Cultura

En Roma se te olvida tu nombre

Por Antonio Ortuño

GUADALAJARA, JALISCO (23/OCT/2011).- Nueva York. Haga un experimento, señora o señor lector. Entre a la primera librería que se tope por las calles de Manhattan y pregúntele al dependiente (prohibido perder el aplomo) por “a book of a mexican author”. A ver qué le responden. No es imposible que el librero, generalmente entrado en años y de origen armenio, turco o dominicano, resople ante la petición como si le hubiera sido anunciada la necesidad de practicarle una colonoscopia. Y lo usual será que termine, luego de rebuscar como topo entre los anaqueles —y distraer a la clientela con obras de un chileno (Bolaño), un argentino (Cortazar) o una mexicoamericana (Sandra Cisneros)—, por ofrecer un ejemplar polvoriento de esa afrenta al patriotismo literario llamada Like water for chocolate. No nos hagamos ilusiones. Nada saben acá de la gloria eterna de nuestras letras. Y deshagámonos, de paso, del prejuicio de que los gringos son incultos: al menos en Nueva York hay decenas y decenas de librerías y un público literario robusto e informado, medios especializados de primer nivel y un puñado de los mejores escritores vivientes en lengua inglesa. Lo cual significa que no son tan listos como parecen o que, de plano, no tenemos nada interesante que ofrecerles.

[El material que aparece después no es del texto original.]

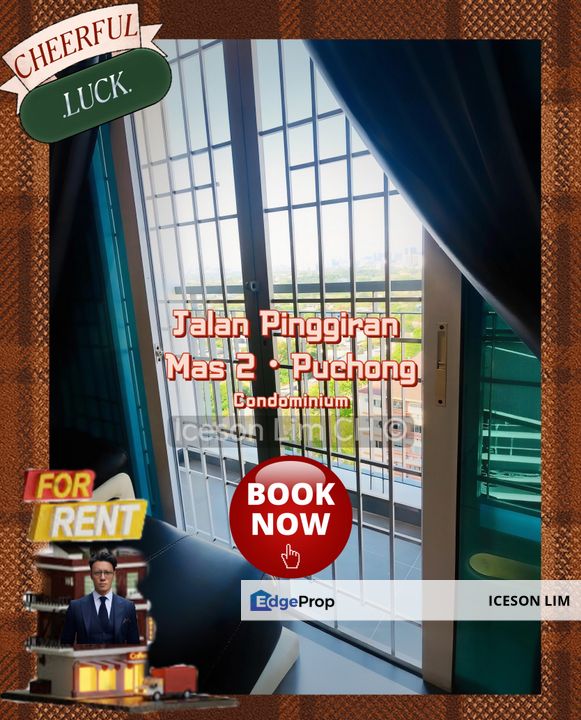 Available on March 2026‼️At Koi suites Puchong‼️3 room 2 bath ‼️, Selangor, Puchong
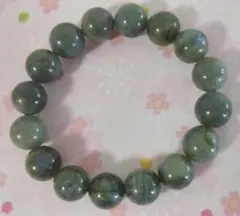 き*】様 お勧め商品！天然石ラブラドライト ブレスレット 約15mm珠子16個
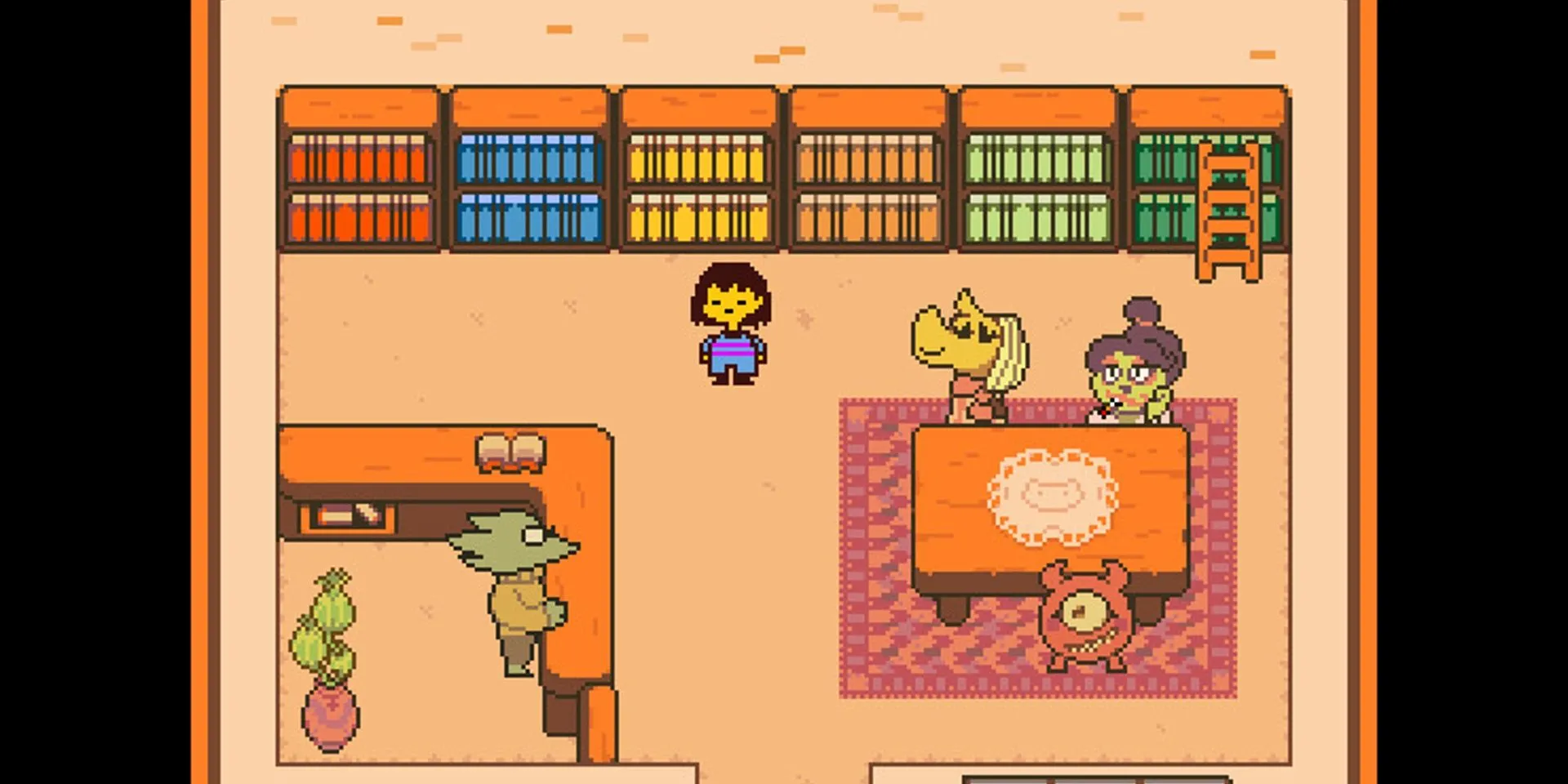 Nhân vật đứng trong thư viện game Undertale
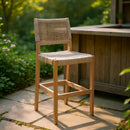  Zuo Corde 704102 Barstool - Beige IMAGE 9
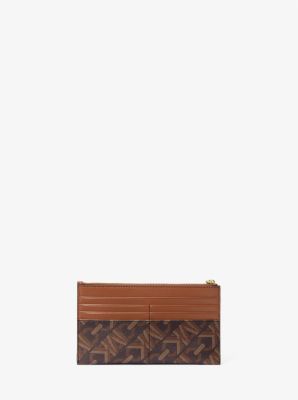 Empire Large Card Case in BROWN/LUGGAGE | Michael Kors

Si se le pregunta por autores mexicanos a los neoyorquinos (y no me refiero a cualquier Ezra Smith que nos topemos, sino a los asistentes de los cafecitos culteranos y clubes del libro de barrios como Tribeca), contemplaremos un desfile de ceños fruncidos, bocas contraídas y afanes de memoria dignos de un afectado por el mal de Alzheimer. “¡Guillermo Arriaga!”, bramará con alivio uno que vio The Burning Plain (y que pasará por alto el hecho de que las únicas obras reconocidas del sujeto en cuestión sean guiones de cine).

¿Qué hay escritores mexicanos que se pasan la vida viajando a Estados Unidos? Por supuesto. Lo hacen porque existen instituciones culturales que les pagan el tour (pensemos, por ejemplo, que a nuestra FIL se ha invitado con persistencia a eslovenos o coreanos que siguen sin tener más de cinco lectores nativos a estas alturas). O porque a un puñado de lumbreras académicas, en alguna universidad de anchos presupuestos, se le antoja charlar con los vecinos del sur. Pero no nos engañemos: un escritor mexicano que se suelta diciendo verdades sobre su patria ante un público universitario en EU no es atendido, generalmente, por razones estéticas, sino escuchado por motivos sociológicos y diplomáticos (quizá la palabra “antropológicos” resulte demasiado ruda aquí).

Hay en EU pocos lectores de Fuentes o Rulfo que tengan la dentadura completa y conserven intactas las capacidades retentivas. Octavio Paz ha sido condenado a ediciones universitarias y Reyes, Elizondo, Ibargüengoitia, García Ponce, sencillamente no existen. Mucho menos los escritores jóvenes. Alguien se preguntará cómo es que fui a Nueva York a enterarme de estas cosas. Sencillo: porque una institución cultural me invitó a una ciudad en la que no tengo más de cinco lectores.